:: Extracted entries
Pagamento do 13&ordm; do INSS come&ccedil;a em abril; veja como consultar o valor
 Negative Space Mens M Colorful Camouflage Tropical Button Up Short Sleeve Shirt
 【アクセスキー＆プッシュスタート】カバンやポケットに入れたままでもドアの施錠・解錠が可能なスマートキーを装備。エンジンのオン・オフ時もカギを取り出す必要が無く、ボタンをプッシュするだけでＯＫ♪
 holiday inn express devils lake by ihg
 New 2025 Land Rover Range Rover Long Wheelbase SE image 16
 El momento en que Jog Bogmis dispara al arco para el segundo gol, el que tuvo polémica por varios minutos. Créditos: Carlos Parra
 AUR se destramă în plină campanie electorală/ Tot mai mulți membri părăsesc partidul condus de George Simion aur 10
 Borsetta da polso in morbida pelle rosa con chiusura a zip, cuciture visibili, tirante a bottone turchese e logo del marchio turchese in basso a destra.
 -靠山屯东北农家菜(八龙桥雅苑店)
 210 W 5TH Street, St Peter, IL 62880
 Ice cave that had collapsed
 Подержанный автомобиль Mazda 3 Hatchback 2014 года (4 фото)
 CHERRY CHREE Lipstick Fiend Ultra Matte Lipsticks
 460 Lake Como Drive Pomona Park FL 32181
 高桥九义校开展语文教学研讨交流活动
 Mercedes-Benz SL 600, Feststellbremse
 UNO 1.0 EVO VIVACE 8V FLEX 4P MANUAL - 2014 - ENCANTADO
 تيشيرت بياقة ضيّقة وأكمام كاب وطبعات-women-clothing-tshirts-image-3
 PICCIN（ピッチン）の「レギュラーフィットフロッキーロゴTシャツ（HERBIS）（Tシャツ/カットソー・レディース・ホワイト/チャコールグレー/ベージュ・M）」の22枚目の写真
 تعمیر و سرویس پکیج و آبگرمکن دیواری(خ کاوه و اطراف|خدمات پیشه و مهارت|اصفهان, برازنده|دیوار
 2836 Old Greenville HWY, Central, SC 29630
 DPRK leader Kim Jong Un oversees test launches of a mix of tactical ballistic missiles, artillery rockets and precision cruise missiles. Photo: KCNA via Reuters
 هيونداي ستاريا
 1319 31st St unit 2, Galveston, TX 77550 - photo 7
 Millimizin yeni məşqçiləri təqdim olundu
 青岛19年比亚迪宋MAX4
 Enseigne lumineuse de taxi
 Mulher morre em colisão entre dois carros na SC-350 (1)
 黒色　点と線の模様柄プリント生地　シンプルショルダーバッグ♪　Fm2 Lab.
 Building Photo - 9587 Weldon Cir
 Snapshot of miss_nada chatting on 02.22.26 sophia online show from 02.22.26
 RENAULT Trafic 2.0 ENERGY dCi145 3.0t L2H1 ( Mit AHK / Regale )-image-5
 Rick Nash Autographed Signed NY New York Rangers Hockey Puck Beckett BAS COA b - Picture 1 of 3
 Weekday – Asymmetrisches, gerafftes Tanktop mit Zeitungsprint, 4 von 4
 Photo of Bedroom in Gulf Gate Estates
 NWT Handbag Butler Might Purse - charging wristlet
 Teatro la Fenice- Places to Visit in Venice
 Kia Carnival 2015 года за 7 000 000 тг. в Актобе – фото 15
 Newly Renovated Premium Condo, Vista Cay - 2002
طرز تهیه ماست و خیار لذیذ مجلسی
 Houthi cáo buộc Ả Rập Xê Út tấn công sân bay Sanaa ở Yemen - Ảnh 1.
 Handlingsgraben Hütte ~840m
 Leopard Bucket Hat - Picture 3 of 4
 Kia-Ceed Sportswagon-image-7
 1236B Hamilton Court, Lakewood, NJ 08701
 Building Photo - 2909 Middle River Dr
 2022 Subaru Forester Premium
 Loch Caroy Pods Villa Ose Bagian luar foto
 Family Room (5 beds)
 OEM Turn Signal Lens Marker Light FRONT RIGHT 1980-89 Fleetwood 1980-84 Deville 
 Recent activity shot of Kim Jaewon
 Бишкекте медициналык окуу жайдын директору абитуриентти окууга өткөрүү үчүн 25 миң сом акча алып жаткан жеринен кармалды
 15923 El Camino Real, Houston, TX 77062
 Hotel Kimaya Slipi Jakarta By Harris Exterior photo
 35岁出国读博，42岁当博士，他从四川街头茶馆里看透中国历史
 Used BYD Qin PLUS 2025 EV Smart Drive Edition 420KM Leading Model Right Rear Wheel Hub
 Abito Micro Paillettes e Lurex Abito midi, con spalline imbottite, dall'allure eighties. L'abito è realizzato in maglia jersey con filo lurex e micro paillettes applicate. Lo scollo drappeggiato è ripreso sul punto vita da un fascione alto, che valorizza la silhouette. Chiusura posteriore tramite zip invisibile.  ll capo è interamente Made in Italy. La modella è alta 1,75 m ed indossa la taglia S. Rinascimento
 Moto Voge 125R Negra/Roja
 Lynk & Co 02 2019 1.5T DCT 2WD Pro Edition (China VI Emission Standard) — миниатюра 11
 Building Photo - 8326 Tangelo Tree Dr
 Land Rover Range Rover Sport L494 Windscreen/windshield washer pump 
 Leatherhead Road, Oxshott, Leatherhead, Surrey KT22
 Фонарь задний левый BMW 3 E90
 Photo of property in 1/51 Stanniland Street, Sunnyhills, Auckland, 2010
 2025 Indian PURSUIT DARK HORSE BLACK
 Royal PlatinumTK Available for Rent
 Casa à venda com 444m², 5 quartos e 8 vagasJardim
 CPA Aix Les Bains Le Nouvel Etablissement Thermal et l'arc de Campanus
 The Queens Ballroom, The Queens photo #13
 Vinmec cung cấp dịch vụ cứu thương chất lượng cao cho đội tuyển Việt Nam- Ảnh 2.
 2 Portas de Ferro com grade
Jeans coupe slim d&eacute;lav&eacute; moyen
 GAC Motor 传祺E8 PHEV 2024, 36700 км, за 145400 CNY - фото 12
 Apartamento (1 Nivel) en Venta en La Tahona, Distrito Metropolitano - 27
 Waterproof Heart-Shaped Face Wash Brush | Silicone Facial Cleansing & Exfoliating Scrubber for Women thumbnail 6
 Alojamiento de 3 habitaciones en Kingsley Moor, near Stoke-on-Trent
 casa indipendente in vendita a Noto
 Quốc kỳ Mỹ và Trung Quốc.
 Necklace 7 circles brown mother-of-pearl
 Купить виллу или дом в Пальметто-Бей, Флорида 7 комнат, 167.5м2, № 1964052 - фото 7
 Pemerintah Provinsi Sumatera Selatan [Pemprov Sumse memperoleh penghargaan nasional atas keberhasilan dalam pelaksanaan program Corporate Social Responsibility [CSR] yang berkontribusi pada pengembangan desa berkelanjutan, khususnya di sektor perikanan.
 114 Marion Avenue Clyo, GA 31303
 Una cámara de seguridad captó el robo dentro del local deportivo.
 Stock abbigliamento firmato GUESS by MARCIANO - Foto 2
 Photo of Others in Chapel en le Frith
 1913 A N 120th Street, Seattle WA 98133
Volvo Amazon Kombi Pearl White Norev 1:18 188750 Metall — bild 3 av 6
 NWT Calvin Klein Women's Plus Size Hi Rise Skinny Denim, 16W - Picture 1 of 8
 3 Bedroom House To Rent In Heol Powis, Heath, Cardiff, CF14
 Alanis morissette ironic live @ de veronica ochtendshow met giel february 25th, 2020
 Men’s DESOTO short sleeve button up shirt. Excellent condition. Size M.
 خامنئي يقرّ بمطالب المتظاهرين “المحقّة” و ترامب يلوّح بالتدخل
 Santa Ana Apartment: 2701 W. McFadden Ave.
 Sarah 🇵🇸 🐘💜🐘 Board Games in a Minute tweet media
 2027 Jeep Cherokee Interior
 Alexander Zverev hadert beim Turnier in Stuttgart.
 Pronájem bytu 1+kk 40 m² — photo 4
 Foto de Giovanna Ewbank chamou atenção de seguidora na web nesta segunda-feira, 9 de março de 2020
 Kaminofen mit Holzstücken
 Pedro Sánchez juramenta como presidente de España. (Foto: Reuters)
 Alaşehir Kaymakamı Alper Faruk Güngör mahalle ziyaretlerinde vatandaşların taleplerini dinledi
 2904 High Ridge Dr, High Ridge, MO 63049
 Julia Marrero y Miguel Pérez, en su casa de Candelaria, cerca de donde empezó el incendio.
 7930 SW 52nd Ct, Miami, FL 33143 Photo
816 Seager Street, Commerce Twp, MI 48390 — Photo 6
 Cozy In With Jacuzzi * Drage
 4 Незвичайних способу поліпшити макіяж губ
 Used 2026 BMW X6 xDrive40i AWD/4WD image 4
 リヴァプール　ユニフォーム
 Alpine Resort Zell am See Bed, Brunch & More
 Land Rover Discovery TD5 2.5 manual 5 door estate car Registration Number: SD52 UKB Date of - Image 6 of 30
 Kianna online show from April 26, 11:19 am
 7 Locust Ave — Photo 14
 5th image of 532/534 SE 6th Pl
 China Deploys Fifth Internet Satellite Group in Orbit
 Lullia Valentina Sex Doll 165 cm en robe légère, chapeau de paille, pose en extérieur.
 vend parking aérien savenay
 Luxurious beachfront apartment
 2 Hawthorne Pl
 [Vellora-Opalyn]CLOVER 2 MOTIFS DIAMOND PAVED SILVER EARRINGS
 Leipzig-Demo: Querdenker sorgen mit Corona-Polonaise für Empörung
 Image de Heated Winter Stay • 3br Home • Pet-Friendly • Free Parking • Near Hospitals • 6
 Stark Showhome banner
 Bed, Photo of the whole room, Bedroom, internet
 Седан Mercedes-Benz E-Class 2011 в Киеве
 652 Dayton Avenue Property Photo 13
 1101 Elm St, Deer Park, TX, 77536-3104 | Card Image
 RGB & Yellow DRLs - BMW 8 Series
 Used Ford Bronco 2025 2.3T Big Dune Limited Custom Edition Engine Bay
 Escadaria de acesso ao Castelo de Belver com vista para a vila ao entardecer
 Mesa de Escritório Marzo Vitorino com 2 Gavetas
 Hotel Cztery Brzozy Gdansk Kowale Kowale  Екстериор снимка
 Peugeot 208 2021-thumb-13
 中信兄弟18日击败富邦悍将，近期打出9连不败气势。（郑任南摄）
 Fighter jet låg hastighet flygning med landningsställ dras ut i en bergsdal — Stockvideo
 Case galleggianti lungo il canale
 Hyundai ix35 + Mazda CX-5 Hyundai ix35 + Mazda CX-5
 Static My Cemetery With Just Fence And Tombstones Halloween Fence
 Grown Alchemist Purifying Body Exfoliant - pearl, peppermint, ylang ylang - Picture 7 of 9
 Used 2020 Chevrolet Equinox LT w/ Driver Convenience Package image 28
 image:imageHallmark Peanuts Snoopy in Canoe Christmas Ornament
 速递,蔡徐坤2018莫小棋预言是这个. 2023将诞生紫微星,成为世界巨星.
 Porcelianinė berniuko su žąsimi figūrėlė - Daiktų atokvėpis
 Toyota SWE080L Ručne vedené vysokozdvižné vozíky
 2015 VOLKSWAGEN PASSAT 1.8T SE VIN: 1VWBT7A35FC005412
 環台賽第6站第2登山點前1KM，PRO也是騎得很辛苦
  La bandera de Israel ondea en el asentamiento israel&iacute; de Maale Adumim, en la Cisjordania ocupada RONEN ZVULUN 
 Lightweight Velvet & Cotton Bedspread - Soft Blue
::::
● **What to produce**
Exactly the lines above from the one with "4 Незвичайних способу поліпшити макіяж губ" to the one with "Hyundai ix35 + Mazda CX-5 Hyundai", both included, are to be quoted; leave the rest out.

● **Task response**
 4 Незвичайних способу поліпшити макіяж губ
 Used 2026 BMW X6 xDrive40i AWD/4WD image 4
 リヴァプール　ユニフォーム
 Alpine Resort Zell am See Bed, Brunch & More
 Land Rover Discovery TD5 2.5 manual 5 door estate car Registration Number: SD52 UKB Date of - Image 6 of 30
 Kianna online show from April 26, 11:19 am
 7 Locust Ave — Photo 14
 5th image of 532/534 SE 6th Pl
 China Deploys Fifth Internet Satellite Group in Orbit
 Lullia Valentina Sex Doll 165 cm en robe légère, chapeau de paille, pose en extérieur.
 vend parking aérien savenay
 Luxurious beachfront apartment
 2 Hawthorne Pl
 [Vellora-Opalyn]CLOVER 2 MOTIFS DIAMOND PAVED SILVER EARRINGS
 Leipzig-Demo: Querdenker sorgen mit Corona-Polonaise für Empörung
 Image de Heated Winter Stay • 3br Home • Pet-Friendly • Free Parking • Near Hospitals • 6
 Stark Showhome banner
 Bed, Photo of the whole room, Bedroom, internet
 Седан Mercedes-Benz E-Class 2011 в Киеве
 652 Dayton Avenue Property Photo 13
 1101 Elm St, Deer Park, TX, 77536-3104 | Card Image
 RGB & Yellow DRLs - BMW 8 Series
 Used Ford Bronco 2025 2.3T Big Dune Limited Custom Edition Engine Bay
 Escadaria de acesso ao Castelo de Belver com vista para a vila ao entardecer
 Mesa de Escritório Marzo Vitorino com 2 Gavetas
 Hotel Cztery Brzozy Gdansk Kowale Kowale  Екстериор снимка
 Peugeot 208 2021-thumb-13
 中信兄弟18日击败富邦悍将，近期打出9连不败气势。（郑任南摄）
 Fighter jet låg hastighet flygning med landningsställ dras ut i en bergsdal — Stockvideo
 Case galleggianti lungo il canale
 Hyundai ix35 + Mazda CX-5 Hyundai ix35 + Mazda CX-5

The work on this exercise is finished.